La policía los arrestó apenas cuatro días más tarde. Muy deportivos, felicitaron a los pesquisas por su habilidad para encontrarlos. El régimen franquista los condenó a 23 años, 4 meses y 1 día de reclusión. Dos años y medio después, en un raro epílogo, se fugaron con dos mecánicos españoles. Sin embargo, a un mecánico le faltaban cuatro meses para cumplir su condena. ¿Quién se fuga faltándole tan poco? Y un argentino decía haber sido edecán del general Perón.

Sobre ese detalle crecieron algunas leyendas. El catalán Eduard Cortés nos presenta aquí una de su invención, quizá la más hermosa y triste que pueda haber.
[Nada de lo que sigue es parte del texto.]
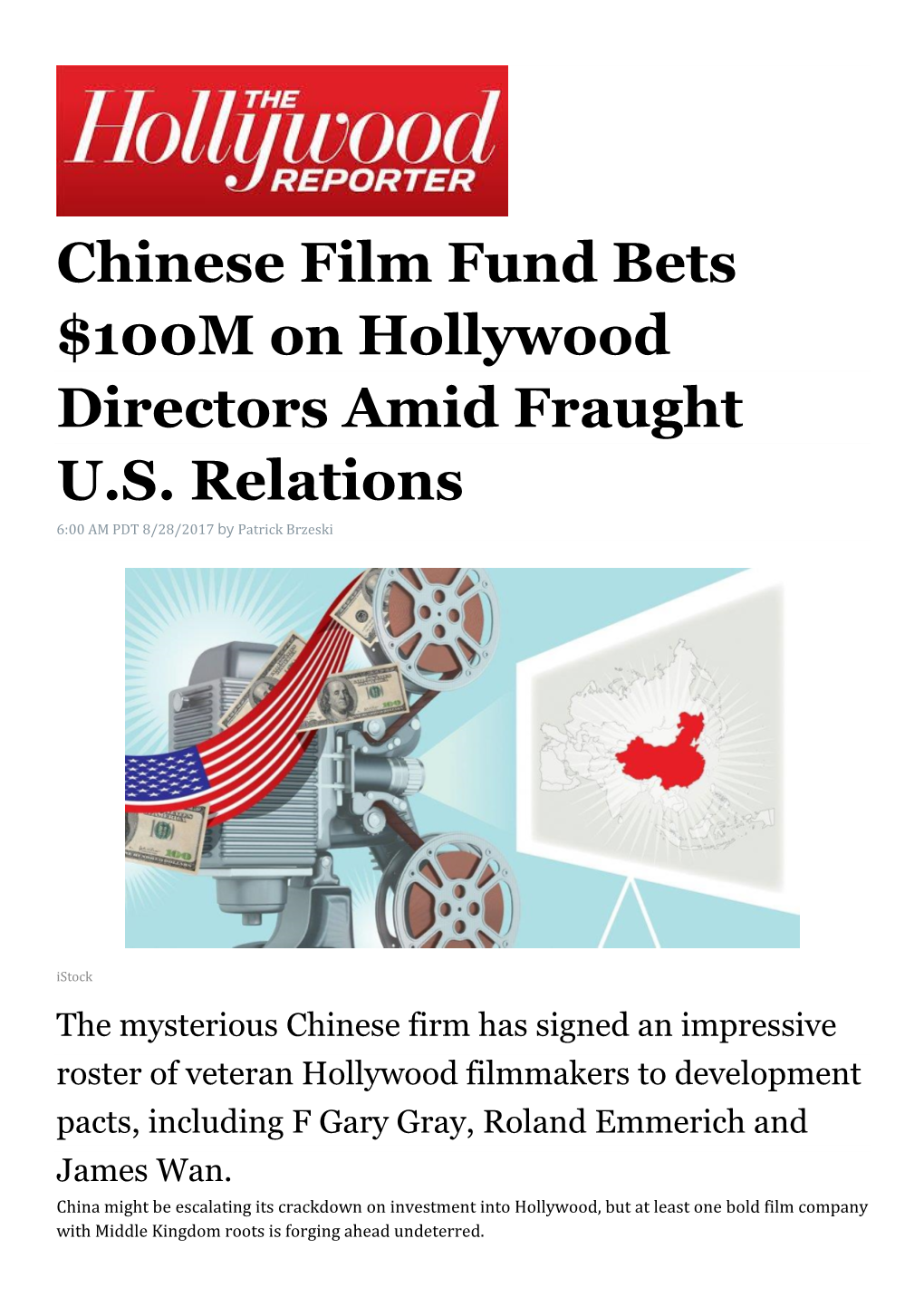 Chinese Film Fund Bets $100M on Hollywood Directors Amid Fraught U.S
Cambia para ello varios nombres, la nacionalidad de los pasaportes, las circunstancias, la fecha (noviembre de 1955) y sobre todo la intención. Acá los protagonistas no son dos pícaros, sino dos soldados de Perón. Uno de ellos, más bien soldado de la Señora. Tal es su devoción que jamás, jamás, la menciona por el nombre. Son las joyas de la Señora, las que están allí y él debe rescatar antes que caigan en manos de la esposa del Caudillo, una vieja harpía.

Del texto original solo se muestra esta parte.